WORK TO BE COMPLETED » Copy word for word the lines of the records below, beginning at the one with "I Made a Game" and finishing at the one with "Vintage Victoria's Secret", ends included, but none of the pictures.

INPUT MATERIAL »
*** Begin section ***
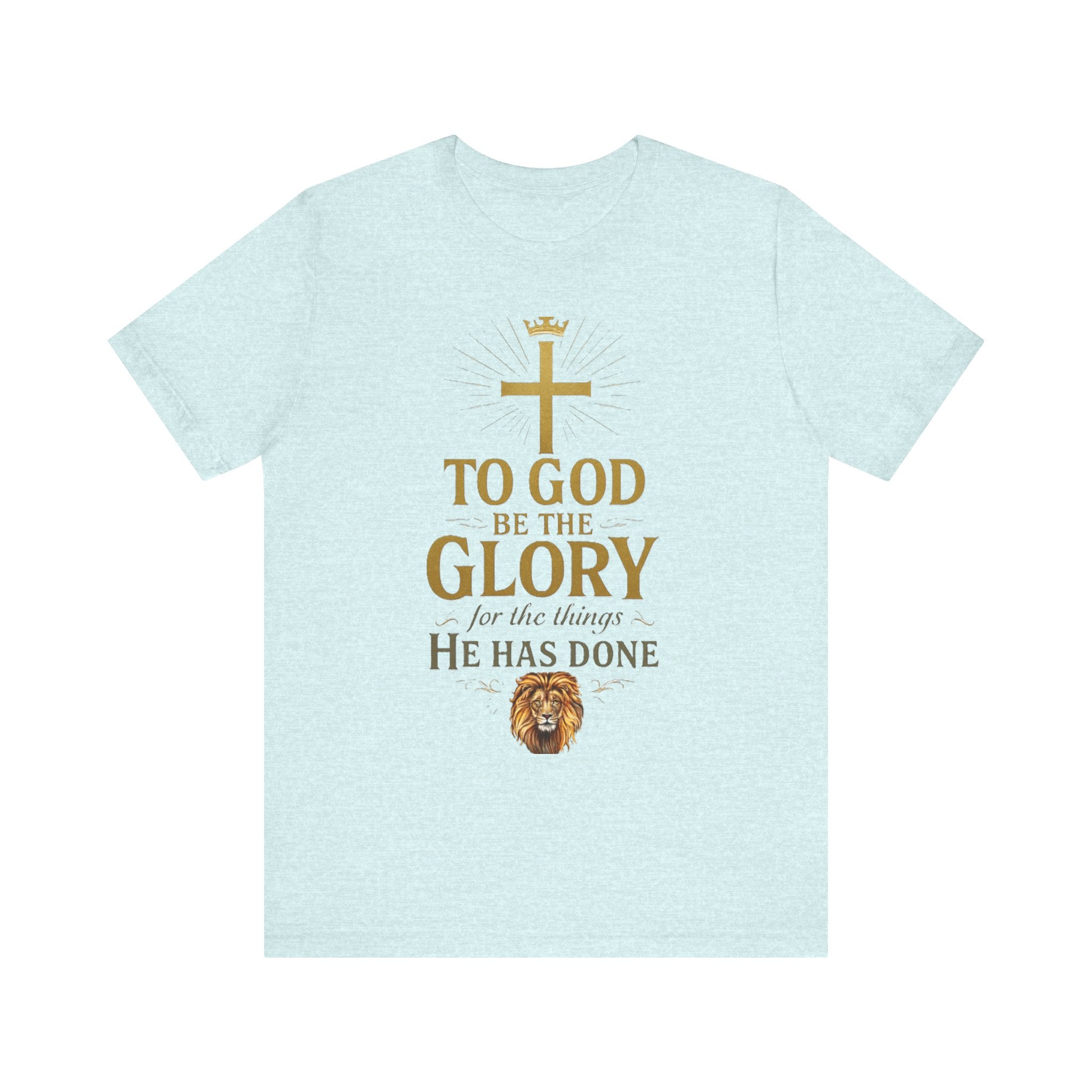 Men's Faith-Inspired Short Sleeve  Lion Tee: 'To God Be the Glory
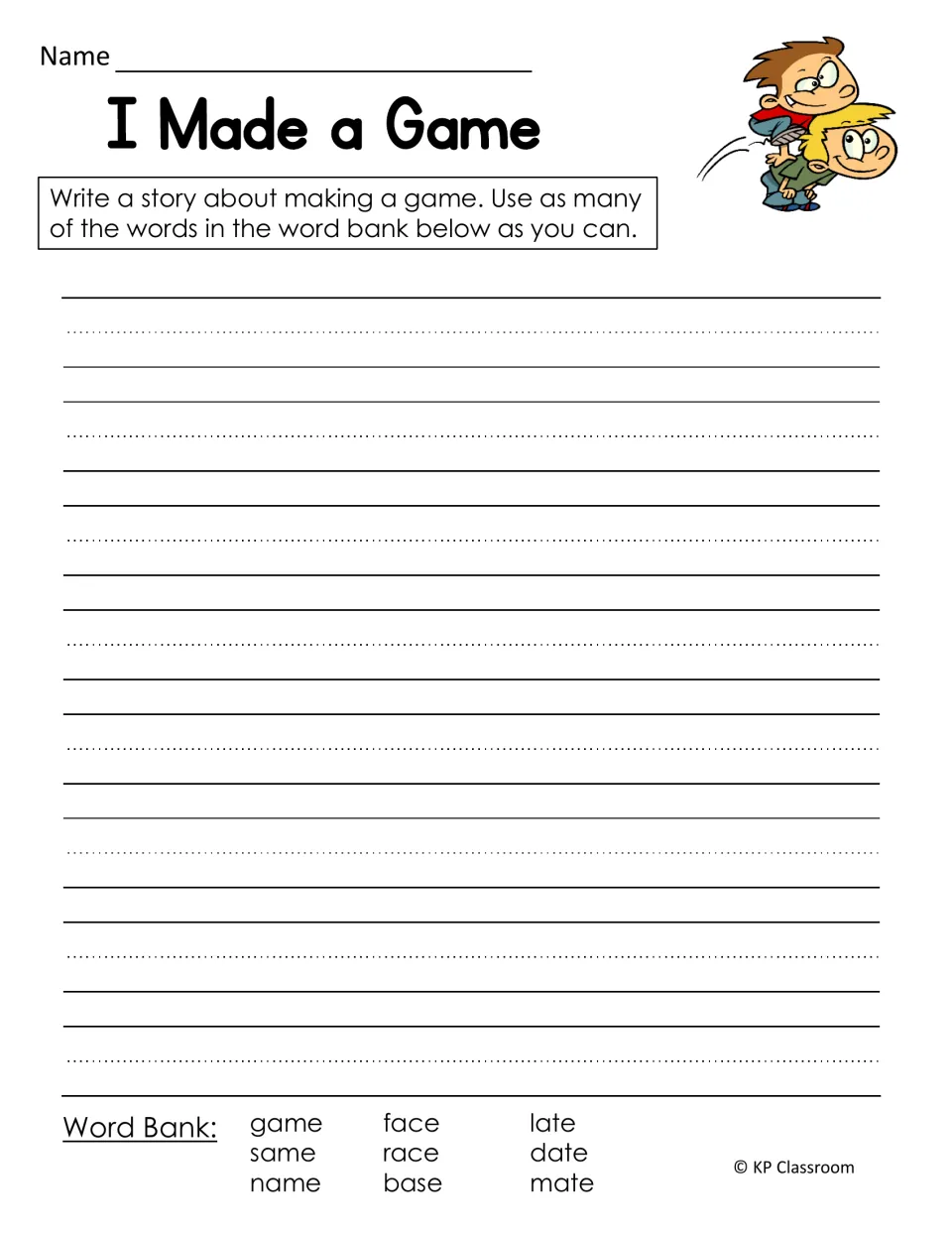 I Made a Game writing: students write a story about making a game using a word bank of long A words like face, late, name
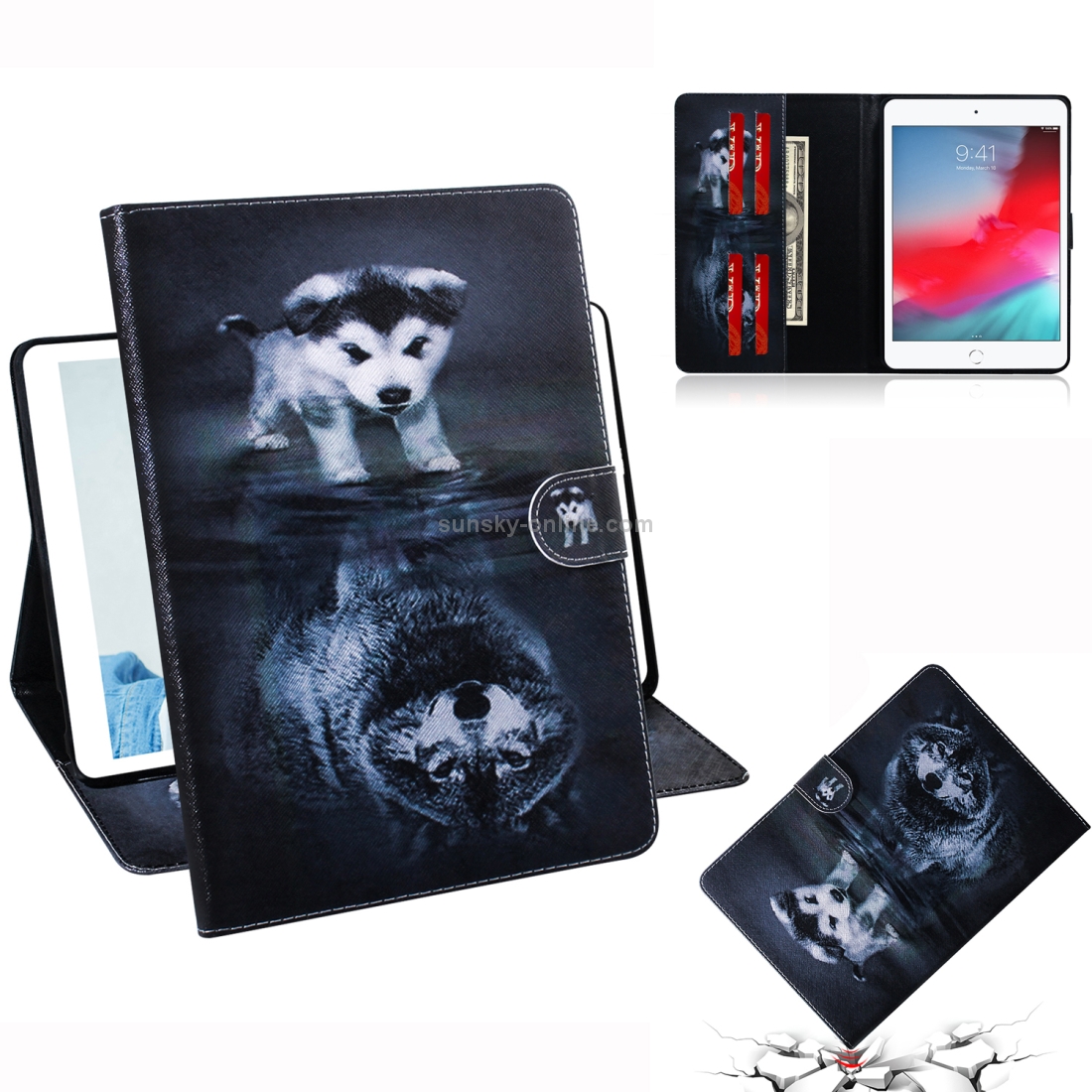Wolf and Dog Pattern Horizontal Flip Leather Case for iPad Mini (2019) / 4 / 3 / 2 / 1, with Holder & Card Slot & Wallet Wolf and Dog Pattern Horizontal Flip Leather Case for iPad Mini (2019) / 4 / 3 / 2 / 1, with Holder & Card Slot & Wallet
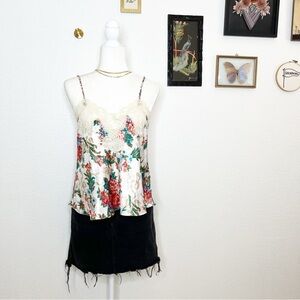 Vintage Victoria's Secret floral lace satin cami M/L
*** End section ***
*** Begin section ***
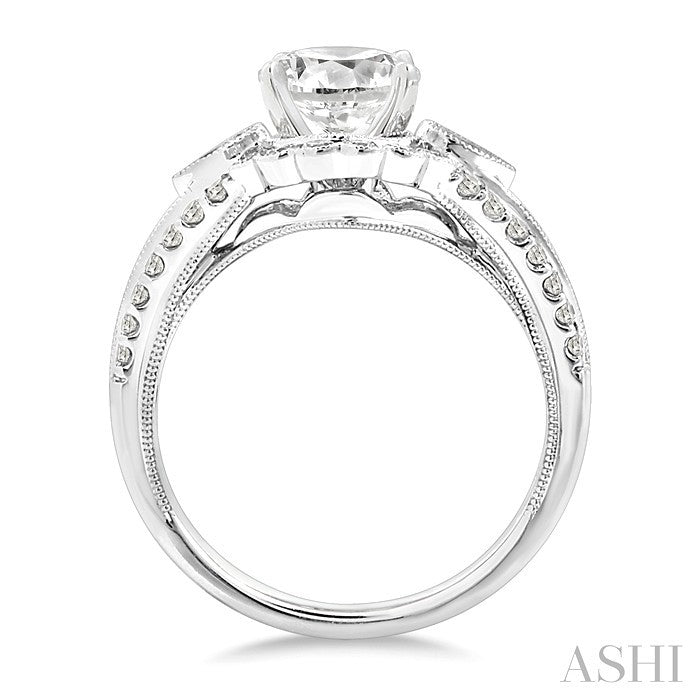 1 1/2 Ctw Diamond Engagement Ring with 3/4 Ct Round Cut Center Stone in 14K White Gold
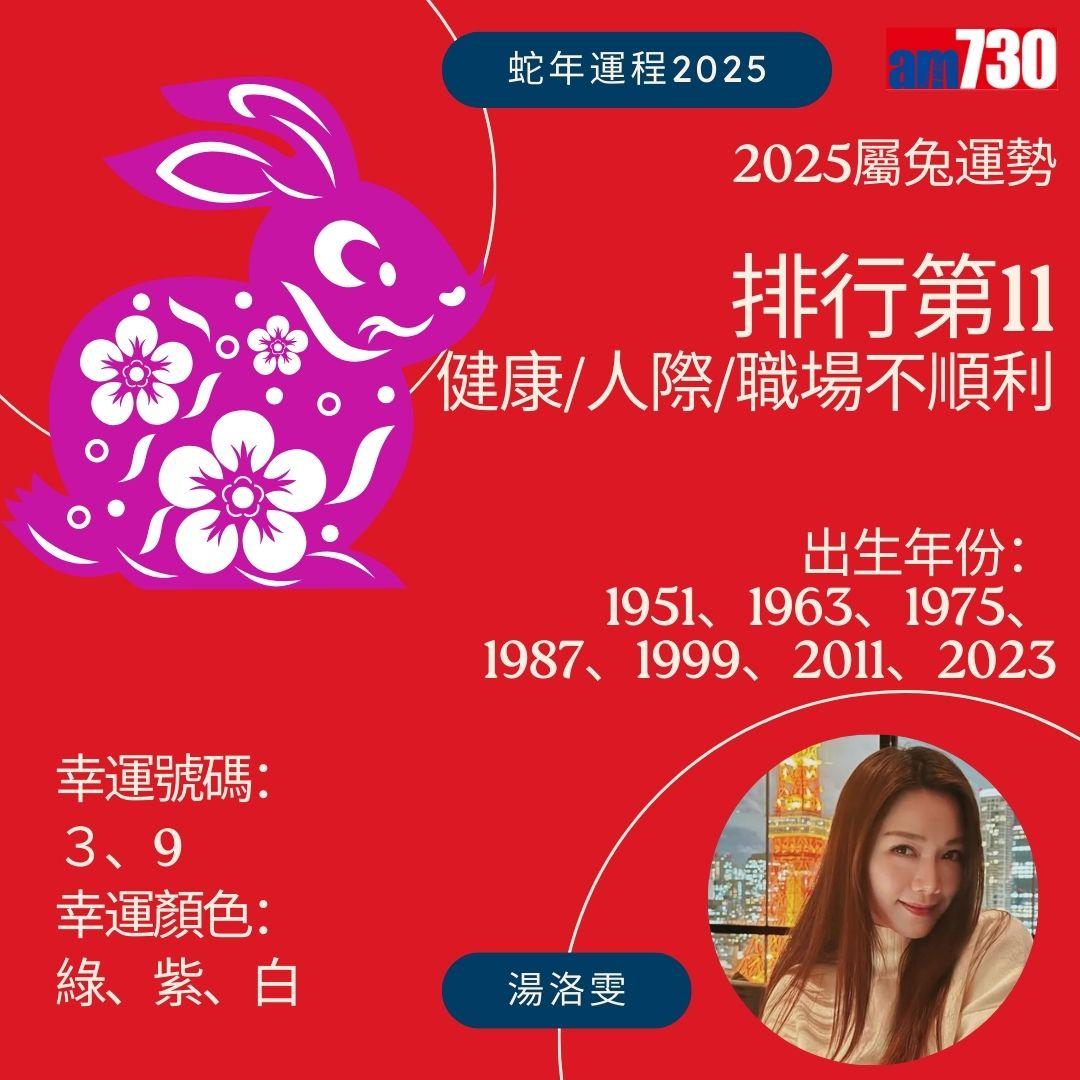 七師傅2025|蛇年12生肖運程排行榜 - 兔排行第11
*** End section ***
WRITTEN REPLY »
 I Made a Game writing: students write a story about making a game using a word bank of long A words like face, late, name
Wolf and Dog Pattern Horizontal Flip Leather Case for iPad Mini (2019) / 4 / 3 / 2 / 1, with Holder & Card Slot & Wallet Wolf and Dog Pattern Horizontal Flip Leather Case for iPad Mini (2019) / 4 / 3 / 2 / 1, with Holder & Card Slot & Wallet
 Vintage Victoria's Secret floral lace satin cami M/L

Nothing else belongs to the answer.